Enbridge CEO Al Monaco said bluntly on Thursday’s call that “holding our assets in MLP structures is no longer advantageous.” But I think Williams CEO Alan Armstrong captured it better when he described difficulties courting institutional investors, who apparently reacted to the company’s MLP the way vampires react to crucifixes.
The MLP structure took a big hit in March, when the Federal Energy Regulatory Commission abruptly took away a long-standing tax benefit for operators of certain interstate pipelines (see this for an explanation). Both Williams and Enbridge cited this is as one reason to do their deals.
But the FERC’s blow was more coup de grâce than opening salvo. Tax reform, cutting the headline rate for regular companies and allowing immediate expensing of capital expenditure, had already eroded the tax advantage MLPs held over C-corps.
More broadly, the MLP moniker had been tarnished by a combination of weak corporate governance (see this); incentives skewed ridiculously toward insiders (try this); and a funding model that was, for some, fundamentally broken (and this.) The Williams deal, in particular, has looked likely for a long time (see this column laying out the rationale from early 2017).
One clue that this is a structural issue is investors’ indifference to MLPs, despite the apparent tailwinds of rising energy prices and U.S. production of oil and gas. There’s also the listlessness of Kinder Morgan Inc.’s stock — in part, I think, because it still talks the language of MLPs despite ditching them years ago. Turnover in the ownership of dedicated MLP-focused funds also illustrates a shift in the underlying shareholder base.
Earlier this month, Miller/Howard Investments Inc. wrote an open letter to MLP management teams calling on them to clean house and capture new investors now that so many on the retail side have abandoned them:
Many of you have voiced displeasure with your “high” yields, stating it’s difficult to raise equity to fund capital projects. The markets have been telling you something, but you’ve not listened. Compared to investors in utilities, a similar business, MLP investors require more than twice the yield to invest capital in your businesses … Be aware of who your future investors are and what they want.
What they want is exposure to steady cash flows and sustainable growth from energy infrastructure, backed by good governance and sound balance sheets. Williams, for example, should see its net debt to Ebitda ease from a pro-forma 4.64 times at the end of 2018 to below 4.6 times in 2019, despite raising its expansion capital expenditure budget and dividend growth of around 15 percent.

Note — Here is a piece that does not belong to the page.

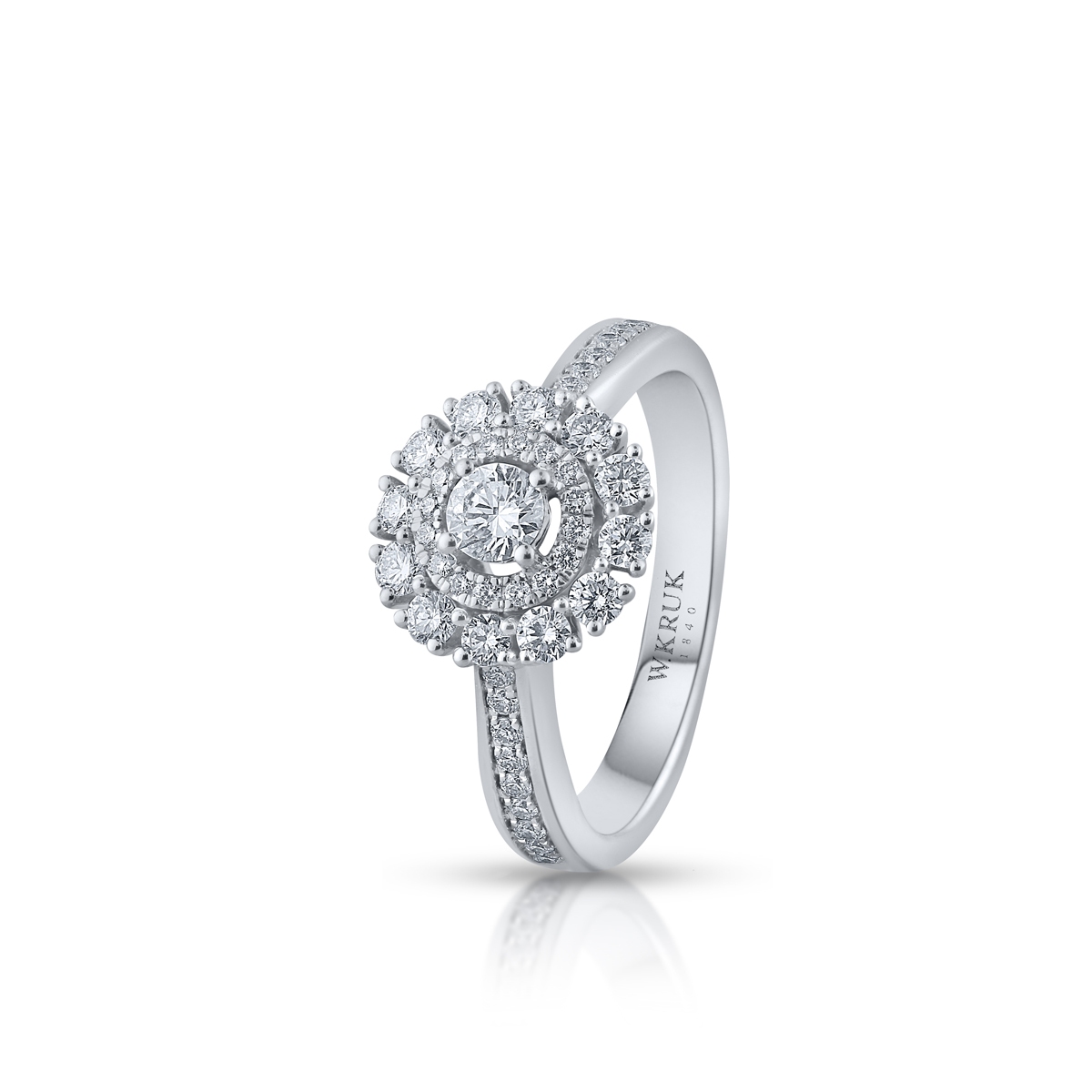 Pierścionek białe złoto z diamentami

As I wrote here, and Miller/Howard’s letter mentions in that excerpt, this model sounds a bit more like that of utilities. A simpler story, combined with a simpler structure and financial metrics, should garner a friendlier reception from those “future” institutional investors when Williams and others show up for pitches. Expect even more of this.
My only request is future deals get announced over a weekend; “Simplification Sunday” just has a nicer ring to it.